Everything from the line with "Enilive Station" to the end of the entries should be set down exactly, except the pictures.

Study material START

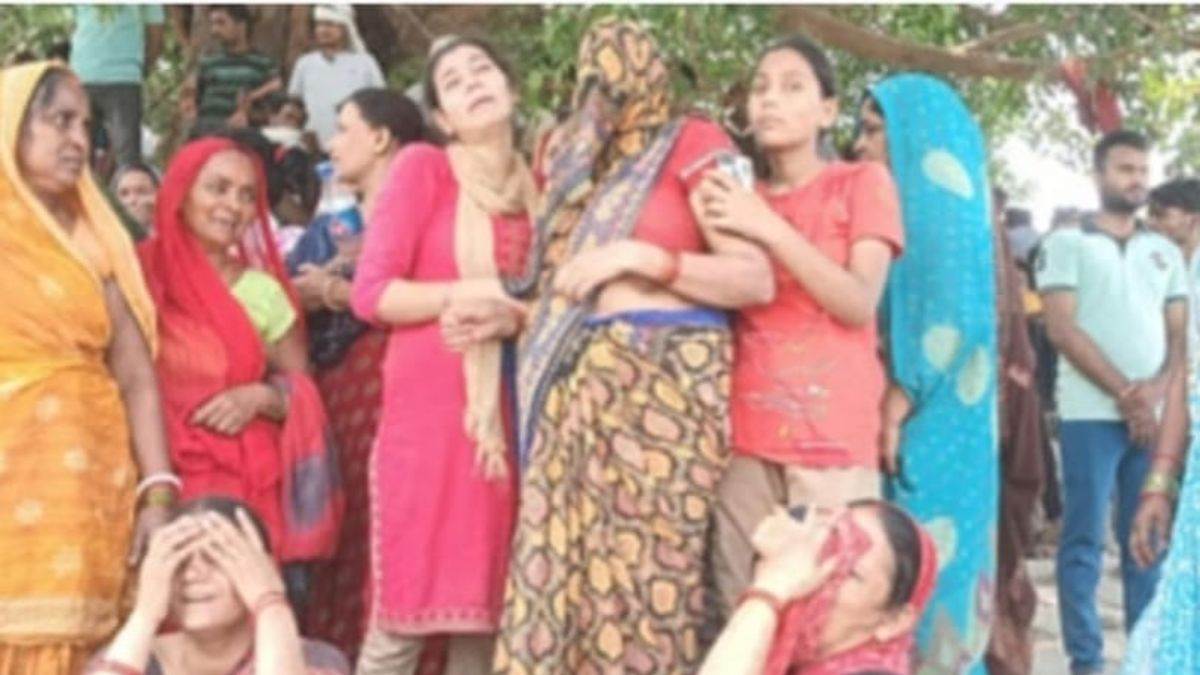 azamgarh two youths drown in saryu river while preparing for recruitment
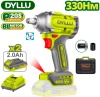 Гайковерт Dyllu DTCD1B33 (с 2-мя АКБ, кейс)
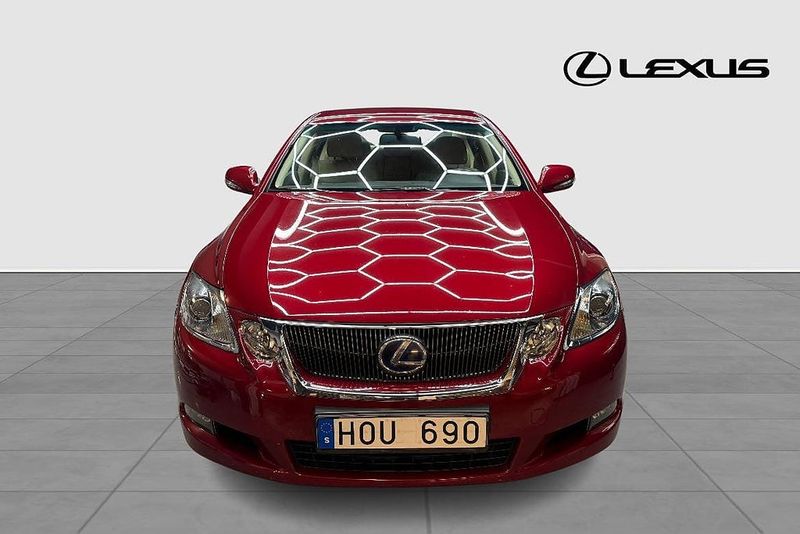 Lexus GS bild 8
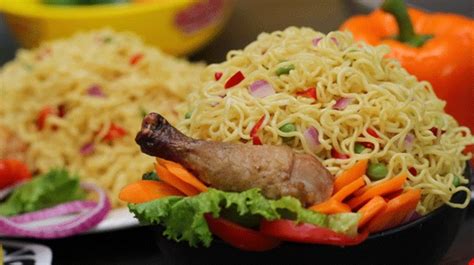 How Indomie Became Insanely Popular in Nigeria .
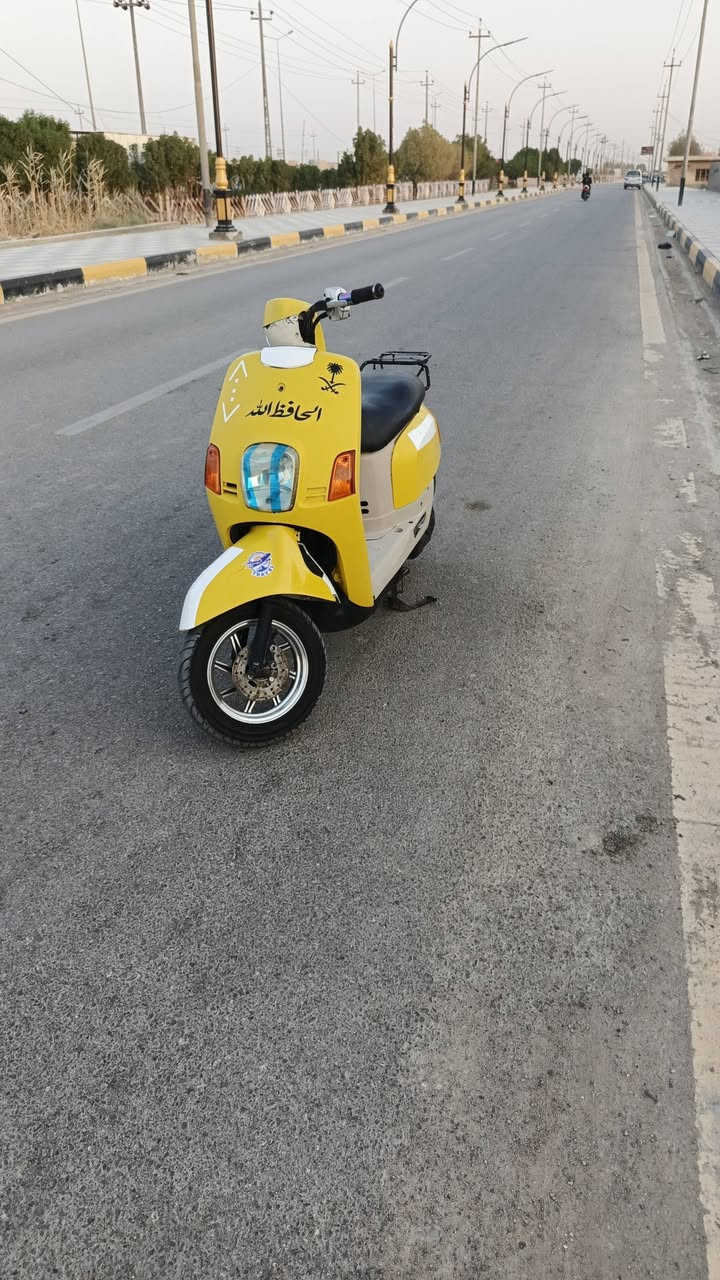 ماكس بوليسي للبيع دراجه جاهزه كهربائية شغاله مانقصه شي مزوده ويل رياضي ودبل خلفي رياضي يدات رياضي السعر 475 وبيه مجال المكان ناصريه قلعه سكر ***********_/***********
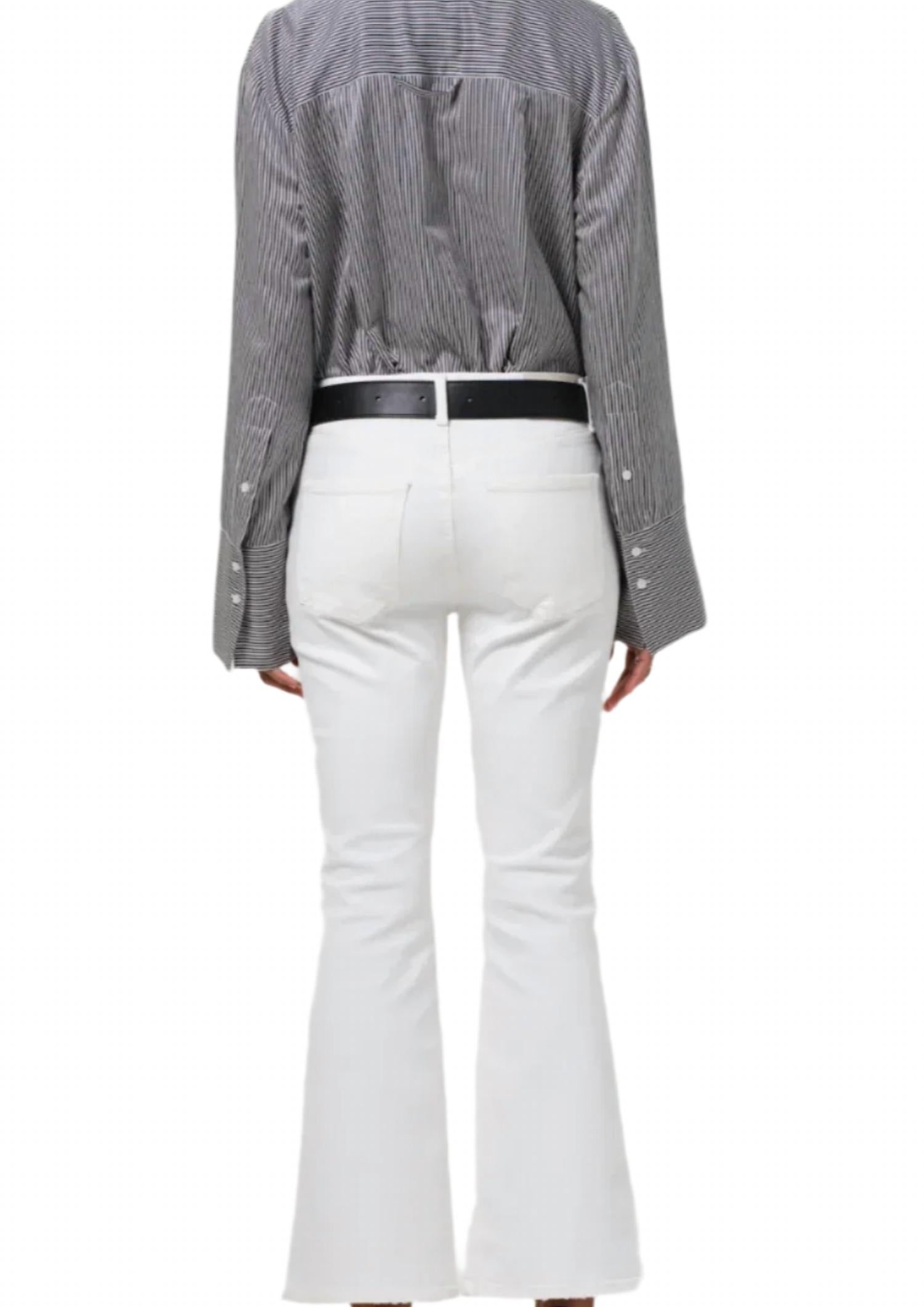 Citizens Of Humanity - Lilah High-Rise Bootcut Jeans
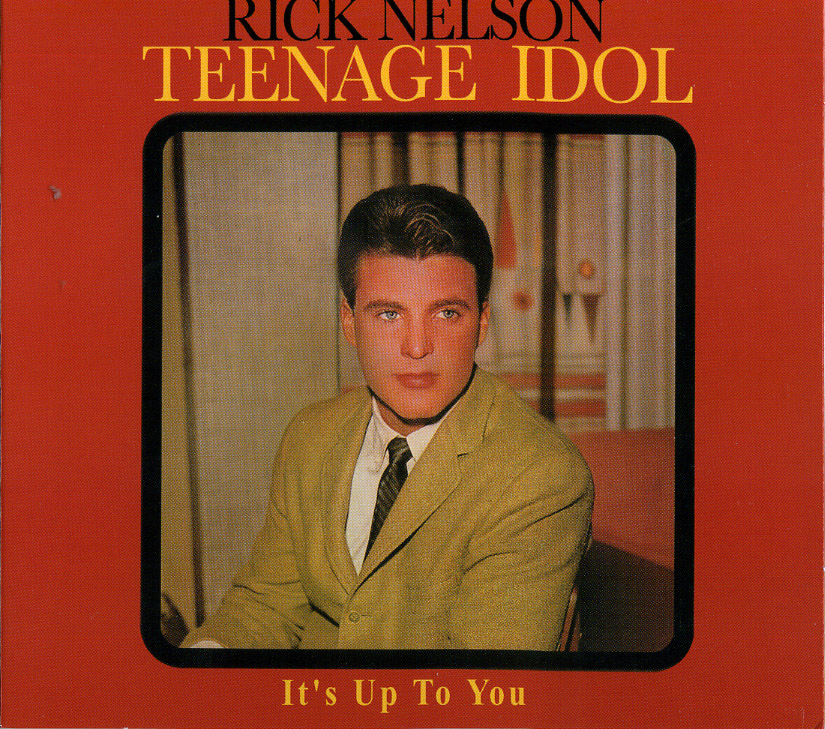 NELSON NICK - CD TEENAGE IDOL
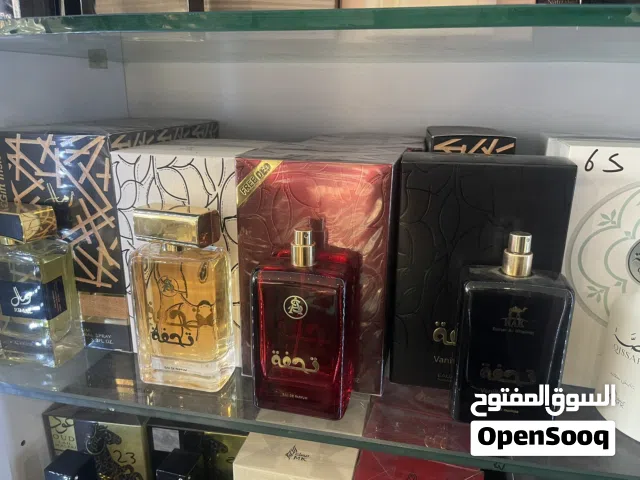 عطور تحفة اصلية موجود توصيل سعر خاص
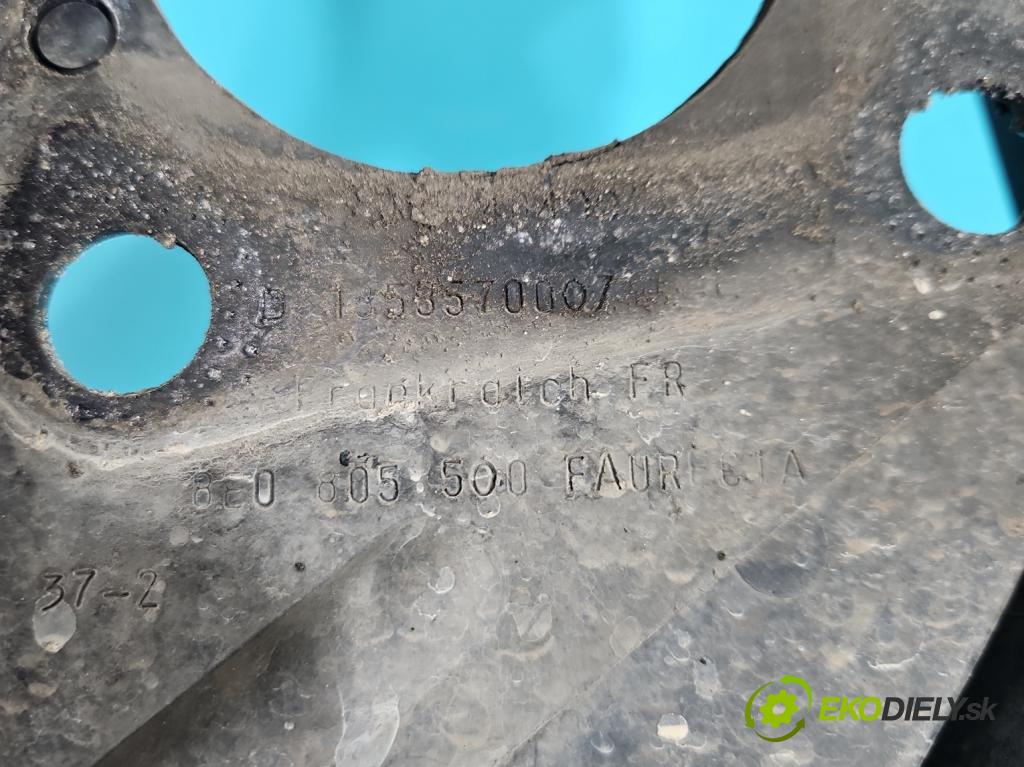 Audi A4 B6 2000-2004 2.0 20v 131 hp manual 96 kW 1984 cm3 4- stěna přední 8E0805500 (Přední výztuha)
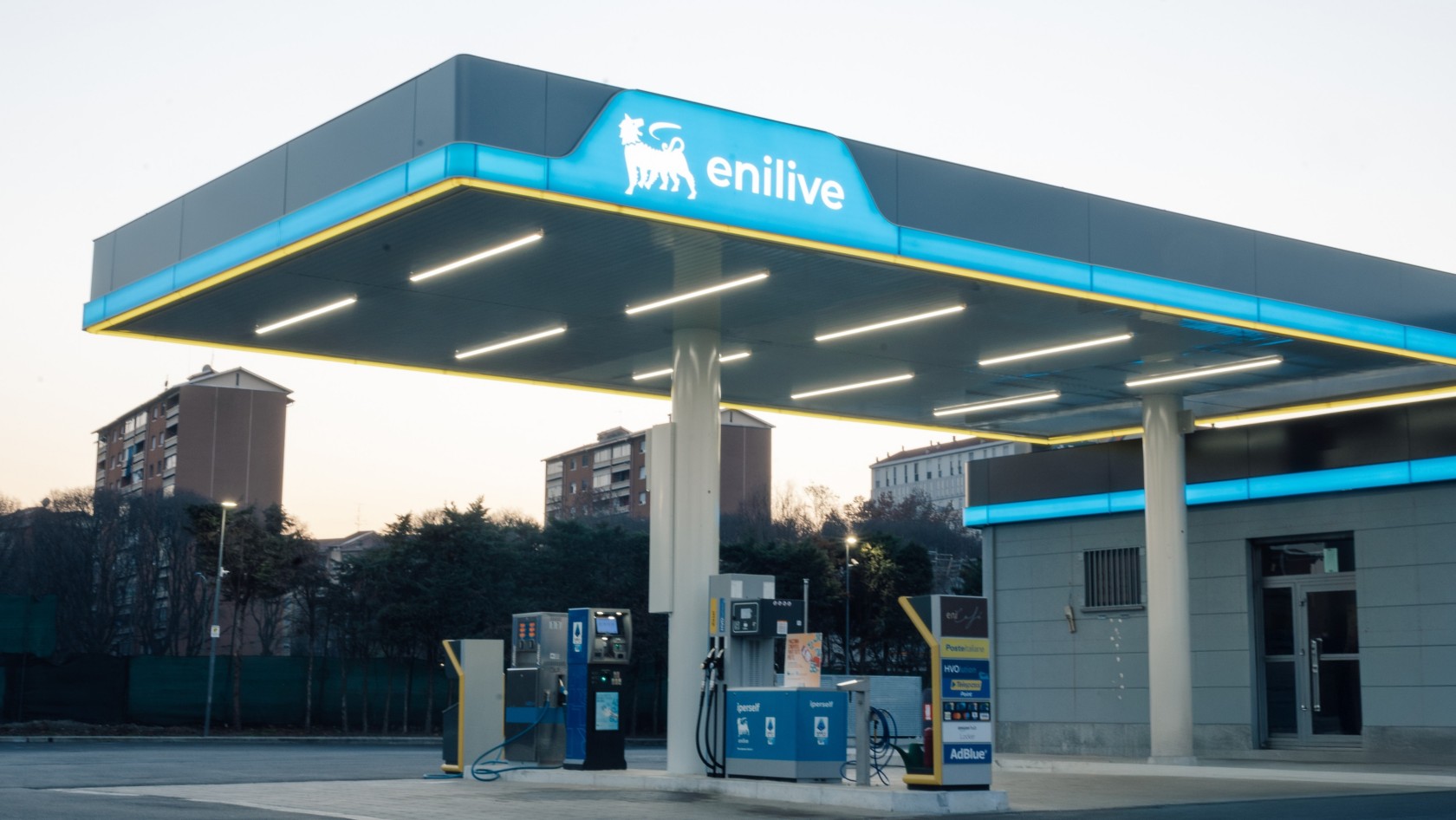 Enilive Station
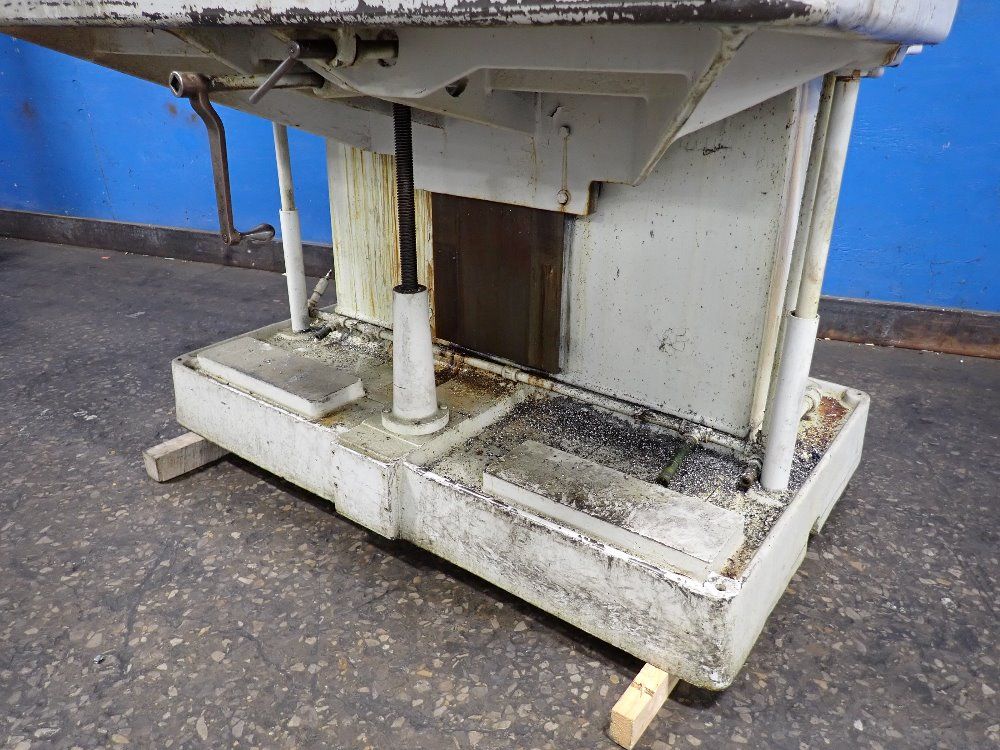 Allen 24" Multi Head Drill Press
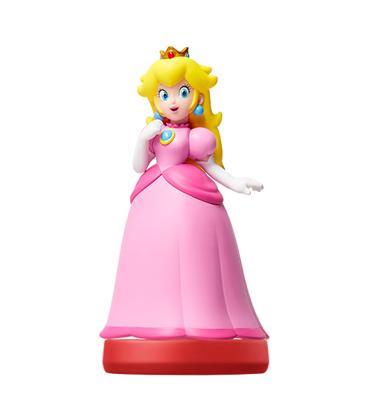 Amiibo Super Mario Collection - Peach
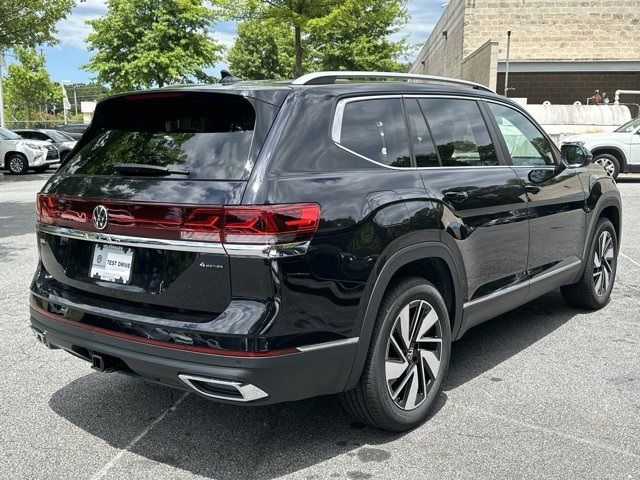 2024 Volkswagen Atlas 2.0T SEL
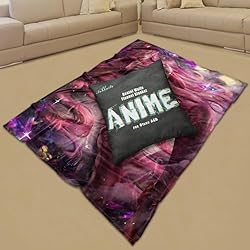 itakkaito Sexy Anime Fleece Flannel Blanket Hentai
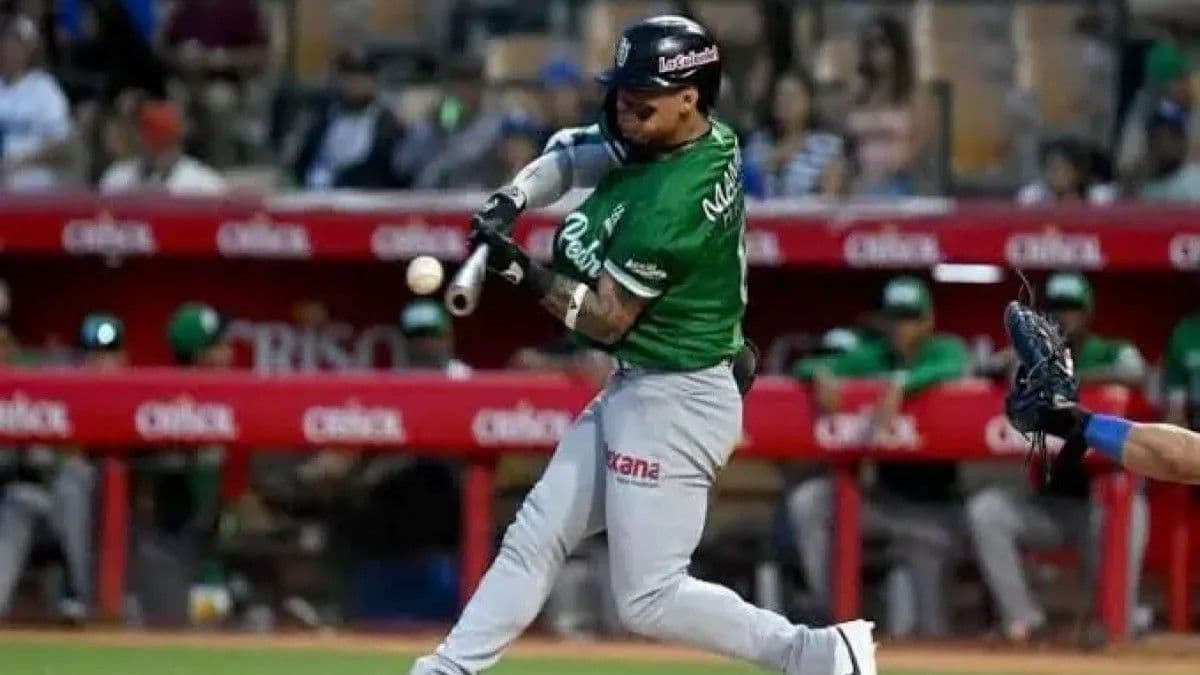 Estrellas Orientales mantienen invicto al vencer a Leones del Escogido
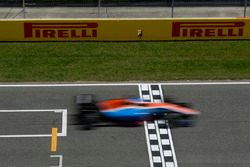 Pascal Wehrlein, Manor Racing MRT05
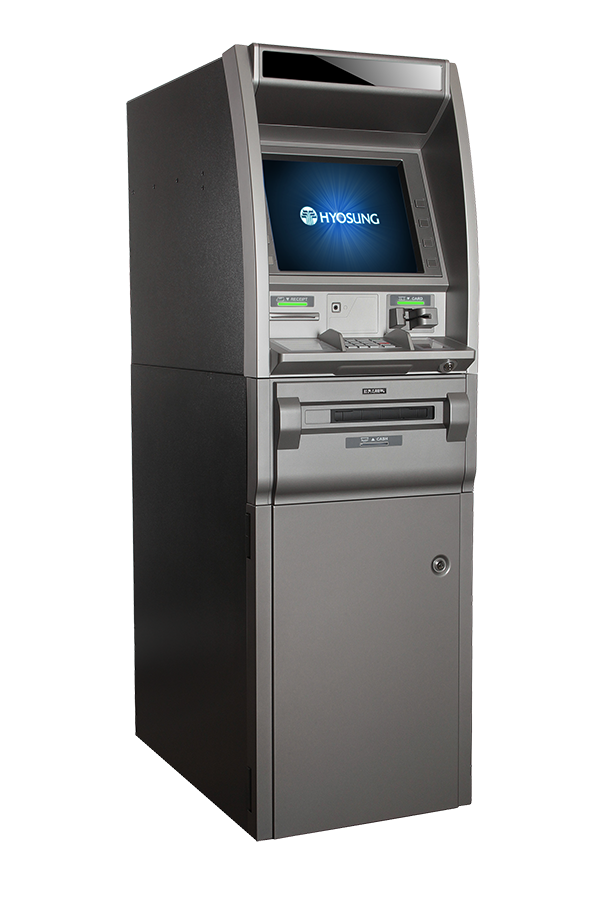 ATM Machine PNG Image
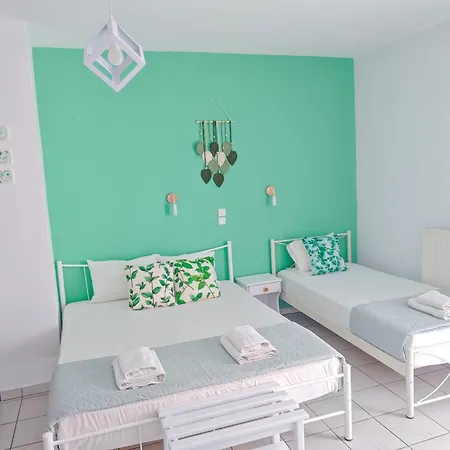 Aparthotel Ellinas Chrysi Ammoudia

Study material END

(Reply)
 Enilive Station
 Allen 24" Multi Head Drill Press
 Amiibo Super Mario Collection - Peach
 2024 Volkswagen Atlas 2.0T SEL
 itakkaito Sexy Anime Fleece Flannel Blanket Hentai
 Estrellas Orientales mantienen invicto al vencer a Leones del Escogido
 Pascal Wehrlein, Manor Racing MRT05
 ATM Machine PNG Image
 Aparthotel Ellinas Chrysi Ammoudia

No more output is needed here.